Scraped caption text data

= Beginning of Section =

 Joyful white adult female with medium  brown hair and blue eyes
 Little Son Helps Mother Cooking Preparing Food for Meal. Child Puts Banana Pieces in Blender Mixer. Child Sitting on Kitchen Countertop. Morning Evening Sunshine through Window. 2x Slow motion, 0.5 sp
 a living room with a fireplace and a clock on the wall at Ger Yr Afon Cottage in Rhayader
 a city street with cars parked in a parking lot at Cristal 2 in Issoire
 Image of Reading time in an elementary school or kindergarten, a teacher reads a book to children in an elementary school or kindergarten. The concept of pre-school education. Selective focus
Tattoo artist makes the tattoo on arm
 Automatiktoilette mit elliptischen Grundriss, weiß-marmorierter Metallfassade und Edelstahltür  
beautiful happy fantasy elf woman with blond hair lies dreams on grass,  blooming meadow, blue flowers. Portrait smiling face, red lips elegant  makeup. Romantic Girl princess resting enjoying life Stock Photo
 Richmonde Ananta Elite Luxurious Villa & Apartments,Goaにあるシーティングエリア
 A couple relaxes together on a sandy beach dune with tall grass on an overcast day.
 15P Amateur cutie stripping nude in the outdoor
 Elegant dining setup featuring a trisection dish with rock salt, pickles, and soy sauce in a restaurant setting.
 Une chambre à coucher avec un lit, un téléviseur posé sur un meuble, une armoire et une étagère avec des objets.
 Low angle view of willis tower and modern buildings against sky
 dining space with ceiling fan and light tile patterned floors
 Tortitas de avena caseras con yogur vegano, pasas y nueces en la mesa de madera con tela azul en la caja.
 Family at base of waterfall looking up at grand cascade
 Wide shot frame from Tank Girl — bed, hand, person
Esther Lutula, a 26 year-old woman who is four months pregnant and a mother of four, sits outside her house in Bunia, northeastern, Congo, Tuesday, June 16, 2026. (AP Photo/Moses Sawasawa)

= End of Section =

• EXERCISE BRIEF: Produce an exact transcription of the lines from the one containing "Wide shot frame" through the end of the records, both included, and no other lines.

• WRITTEN SOLUTION:
 Wide shot frame from Tank Girl — bed, hand, person
Esther Lutula, a 26 year-old woman who is four months pregnant and a mother of four, sits outside her house in Bunia, northeastern, Congo, Tuesday, June 16, 2026. (AP Photo/Moses Sawasawa)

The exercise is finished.